━━ ENTRIES SHOWN
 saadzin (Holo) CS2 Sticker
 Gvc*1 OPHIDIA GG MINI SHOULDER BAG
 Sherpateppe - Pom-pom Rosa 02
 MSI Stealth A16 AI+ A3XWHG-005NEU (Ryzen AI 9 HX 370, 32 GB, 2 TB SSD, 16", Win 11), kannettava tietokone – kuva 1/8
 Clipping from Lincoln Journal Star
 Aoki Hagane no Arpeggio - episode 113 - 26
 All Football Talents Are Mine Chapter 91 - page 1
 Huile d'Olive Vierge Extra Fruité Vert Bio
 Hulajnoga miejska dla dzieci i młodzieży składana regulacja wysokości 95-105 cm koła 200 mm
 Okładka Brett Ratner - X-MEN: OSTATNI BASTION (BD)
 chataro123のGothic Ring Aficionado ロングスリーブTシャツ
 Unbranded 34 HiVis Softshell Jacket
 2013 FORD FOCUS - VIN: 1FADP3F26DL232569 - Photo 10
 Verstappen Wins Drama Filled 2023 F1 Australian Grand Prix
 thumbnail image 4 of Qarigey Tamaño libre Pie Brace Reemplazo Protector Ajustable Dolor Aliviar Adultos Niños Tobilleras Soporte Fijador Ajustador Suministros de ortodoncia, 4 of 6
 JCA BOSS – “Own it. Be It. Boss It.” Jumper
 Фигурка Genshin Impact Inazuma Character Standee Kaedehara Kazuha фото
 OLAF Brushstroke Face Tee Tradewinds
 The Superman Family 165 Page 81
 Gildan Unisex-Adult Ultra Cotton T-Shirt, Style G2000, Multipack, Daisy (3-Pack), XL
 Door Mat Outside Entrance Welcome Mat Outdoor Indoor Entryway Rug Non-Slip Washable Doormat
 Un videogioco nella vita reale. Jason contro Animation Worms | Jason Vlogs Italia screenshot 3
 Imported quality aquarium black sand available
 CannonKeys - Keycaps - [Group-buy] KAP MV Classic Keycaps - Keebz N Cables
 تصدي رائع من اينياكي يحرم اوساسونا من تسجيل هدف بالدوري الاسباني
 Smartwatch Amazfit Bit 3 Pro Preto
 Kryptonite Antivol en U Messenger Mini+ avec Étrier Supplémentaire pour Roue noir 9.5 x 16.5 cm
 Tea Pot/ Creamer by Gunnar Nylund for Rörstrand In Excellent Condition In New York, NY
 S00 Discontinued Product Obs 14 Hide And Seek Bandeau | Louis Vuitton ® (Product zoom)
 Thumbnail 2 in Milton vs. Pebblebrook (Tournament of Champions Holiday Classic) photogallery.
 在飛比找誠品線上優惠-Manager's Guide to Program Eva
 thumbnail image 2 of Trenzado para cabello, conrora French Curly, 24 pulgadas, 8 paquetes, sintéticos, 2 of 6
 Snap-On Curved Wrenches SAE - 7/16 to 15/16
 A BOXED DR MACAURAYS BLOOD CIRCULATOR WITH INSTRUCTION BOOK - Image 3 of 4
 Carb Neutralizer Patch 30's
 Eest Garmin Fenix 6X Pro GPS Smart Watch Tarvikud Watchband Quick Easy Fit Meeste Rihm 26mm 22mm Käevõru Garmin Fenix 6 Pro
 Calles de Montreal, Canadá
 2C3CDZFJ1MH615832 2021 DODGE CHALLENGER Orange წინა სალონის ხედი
━━━━
◆ **ASSIGNMENT**
Please output the lines of the listing above that fall in the stretch from the one with "Be It. Boss" through the one with "Gildan Unisex-Adult Ultra", exactly and only those.

◆ **FINAL ANSWER**
 JCA BOSS – “Own it. Be It. Boss It.” Jumper
 Фигурка Genshin Impact Inazuma Character Standee Kaedehara Kazuha фото
 OLAF Brushstroke Face Tee Tradewinds
 The Superman Family 165 Page 81
 Gildan Unisex-Adult Ultra Cotton T-Shirt, Style G2000, Multipack, Daisy (3-Pack), XL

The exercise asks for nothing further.